§ **What the task asks**
Word for word, transcribe every line from the one holding "Rustikale Navy Blue" through the end of the records, but not the pictures.

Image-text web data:
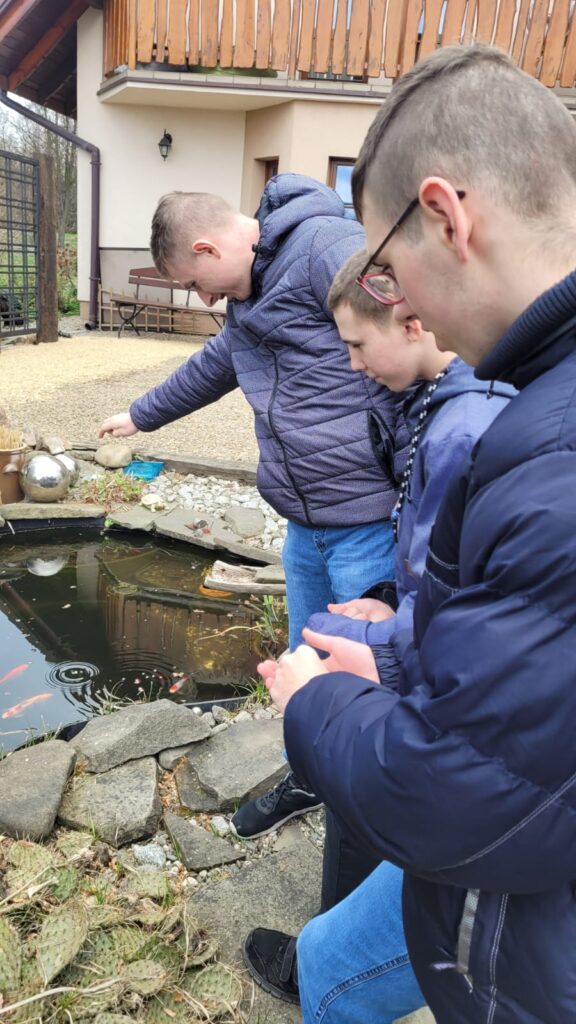 Chłopcy karmiący ryby w oczku wodnym. 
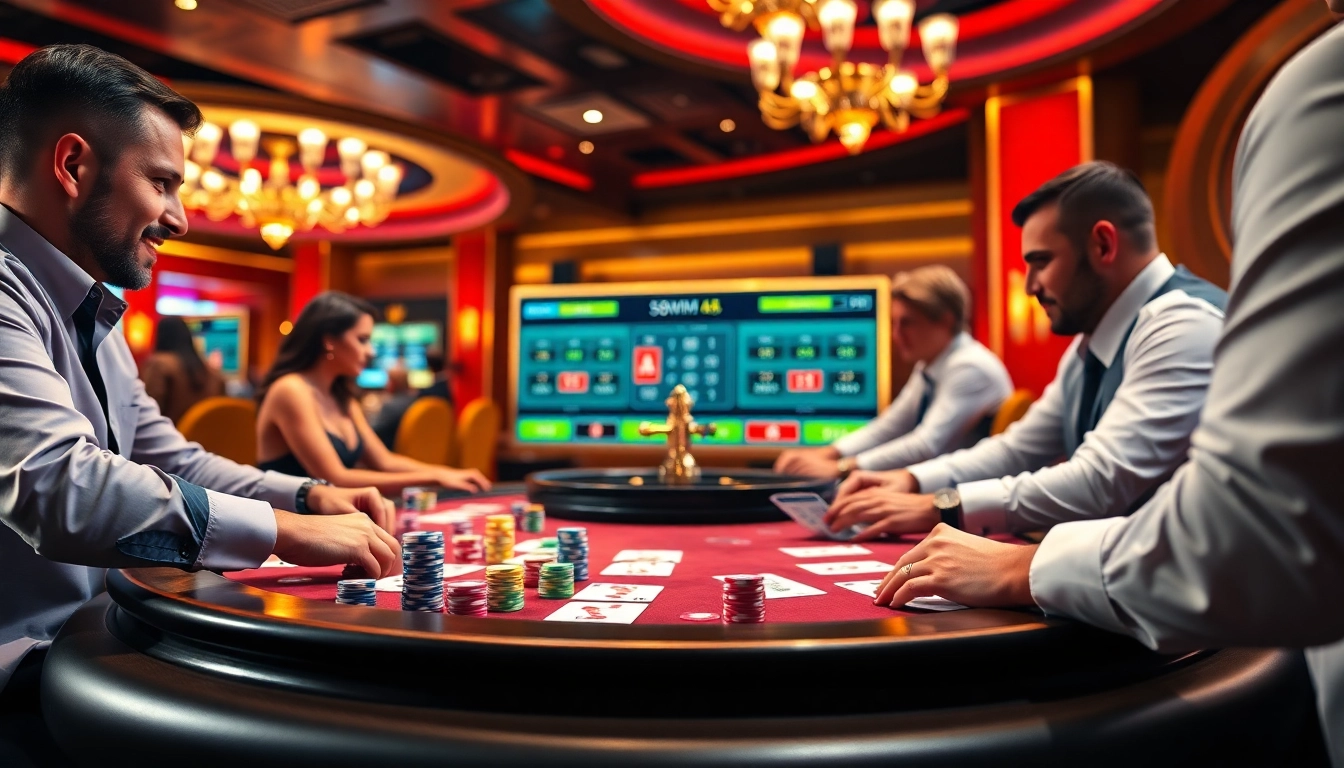 Players strategizing at a poker table in an elegant casino setting with 58wim digital betting displays.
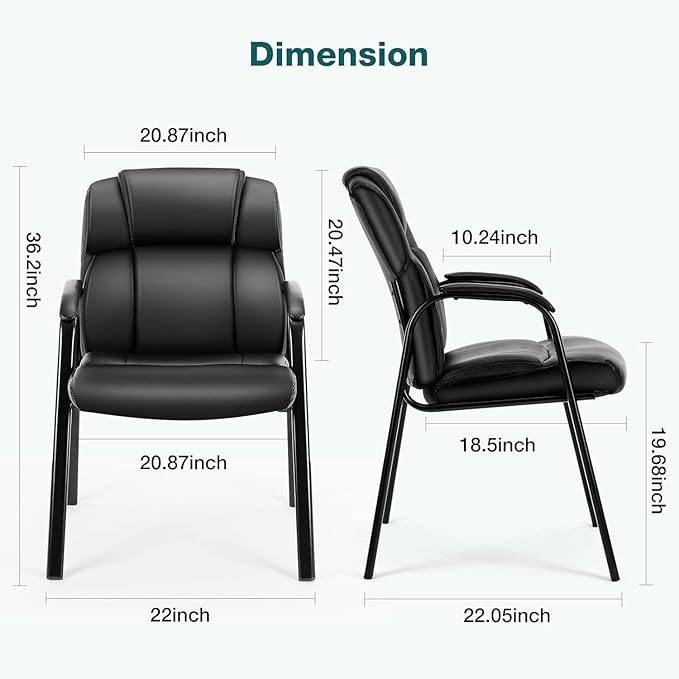 OLIXIS Waiting Room Chair Set of 2, Leather Office Desk Reception Guest Stationary Side Chairs with Padded Arms for Home Conference Lobby Area Meeting Church Medical Clinic Elderly Student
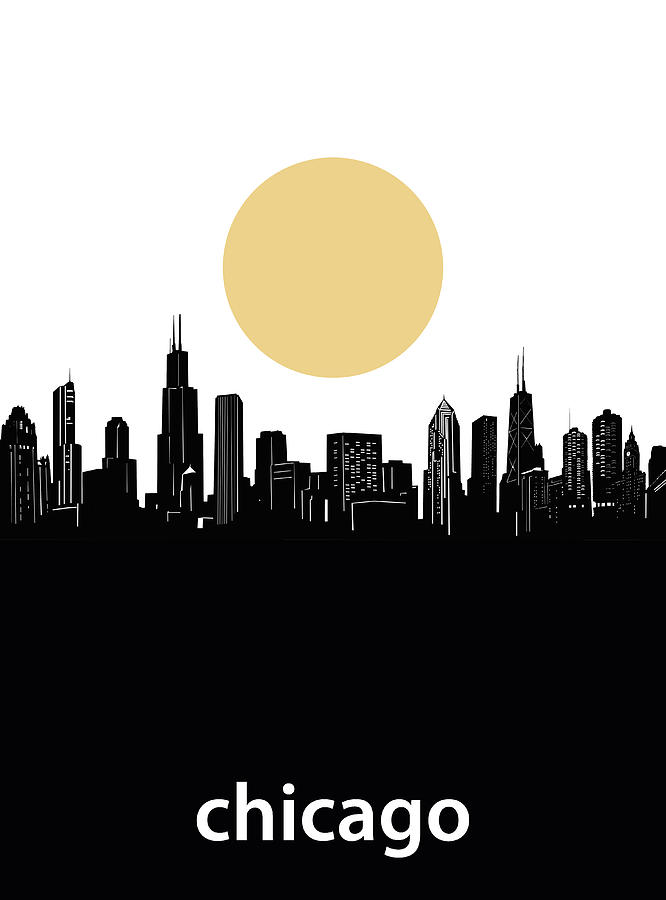 Chicago Skyline Minimalism Digital Art
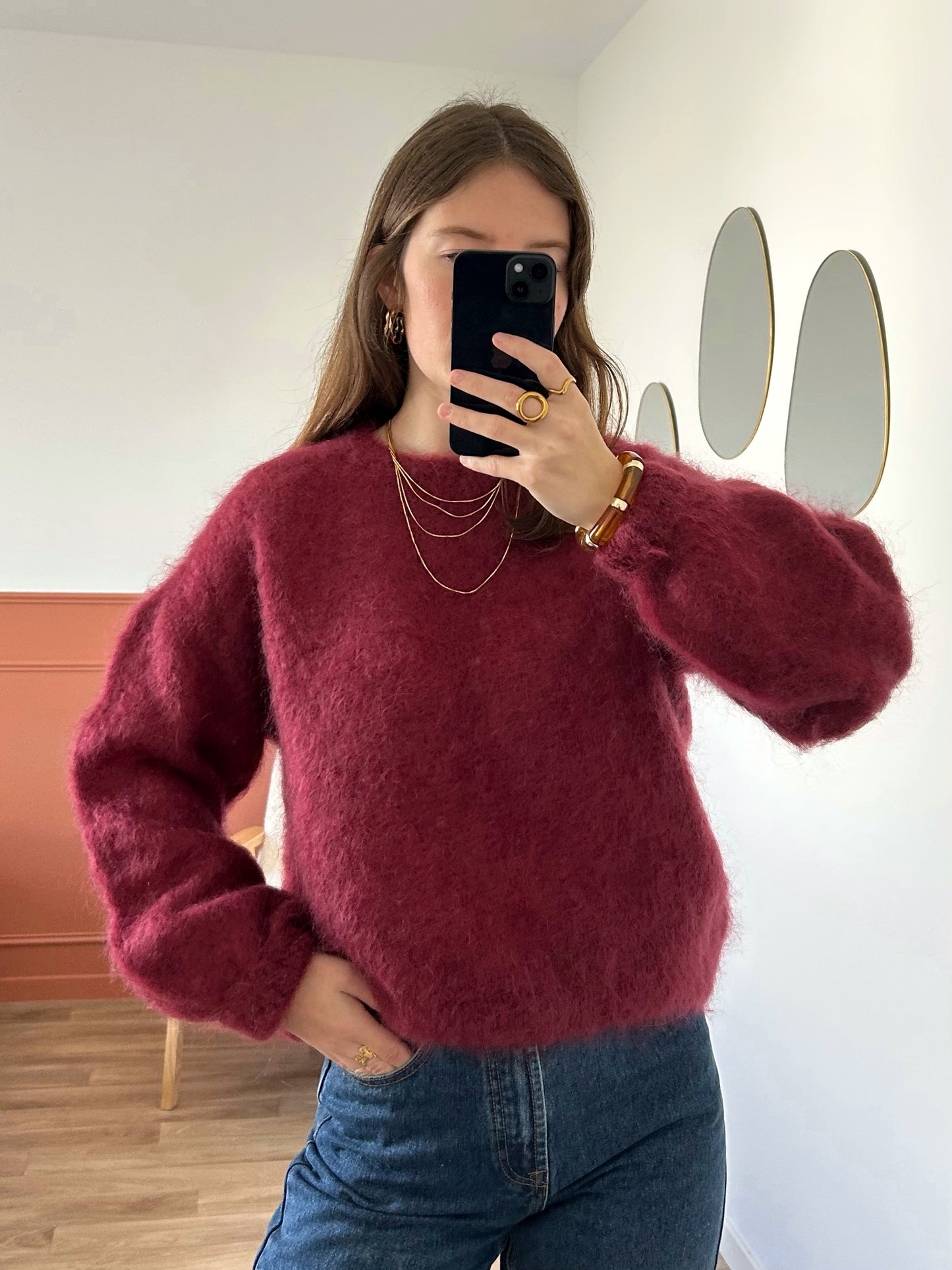 Pull MOHAIR bordeaux
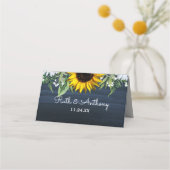 Rustikale Navy Blue Sunflower|Daisy Wedding Platzkarte (Rückseite)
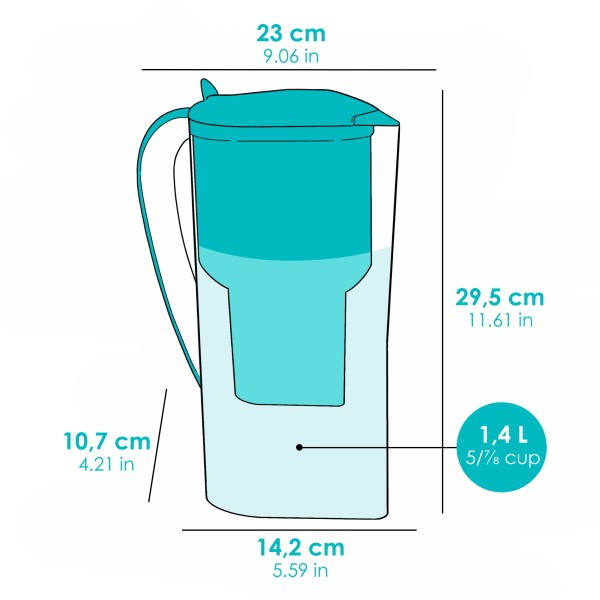 Carafe Alkanatur Drops Zéolite Clinoptilolite avec 1 filtre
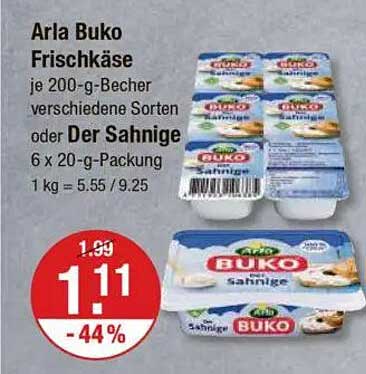 Arla Buko Frischkäse - je 200-g-Becher oder Der Sahnige 6 x 20-g-Packung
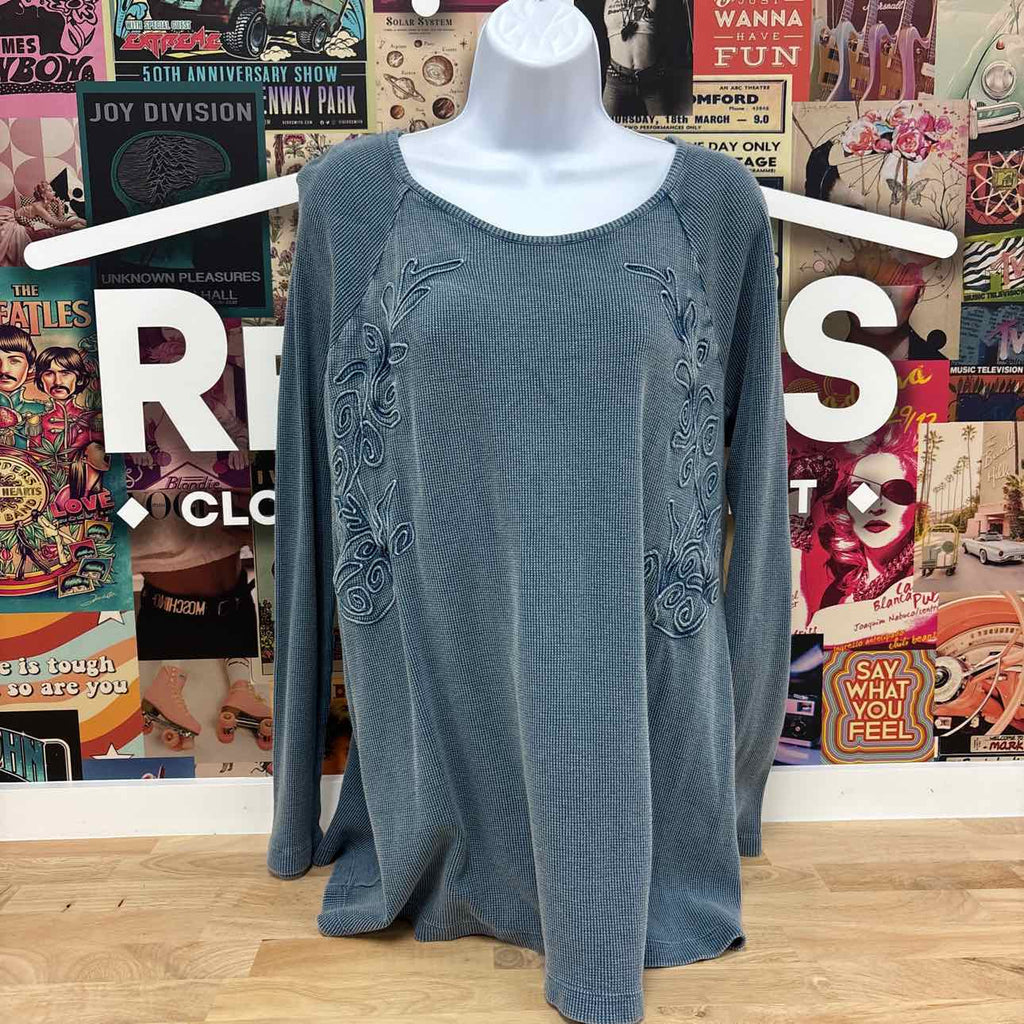Soft Surroundings Size L Teal Knit Shirt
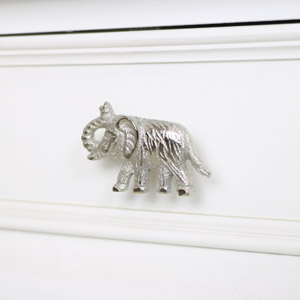 Silver Elephant Drawer Knob 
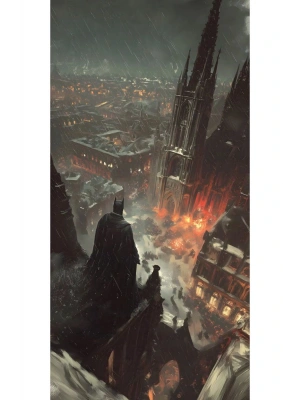 Batman Kapı Direk Kaplama Folyosu BASKILI STİCKER Sağ-Sol 2 Adet 22*50 CM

§ **Answer box**
 Rustikale Navy Blue Sunflower|Daisy Wedding Platzkarte (Rückseite)
 Carafe Alkanatur Drops Zéolite Clinoptilolite avec 1 filtre
 Arla Buko Frischkäse - je 200-g-Becher oder Der Sahnige 6 x 20-g-Packung
Soft Surroundings Size L Teal Knit Shirt
 Silver Elephant Drawer Knob 
 Batman Kapı Direk Kaplama Folyosu BASKILI STİCKER Sağ-Sol 2 Adet 22*50 CM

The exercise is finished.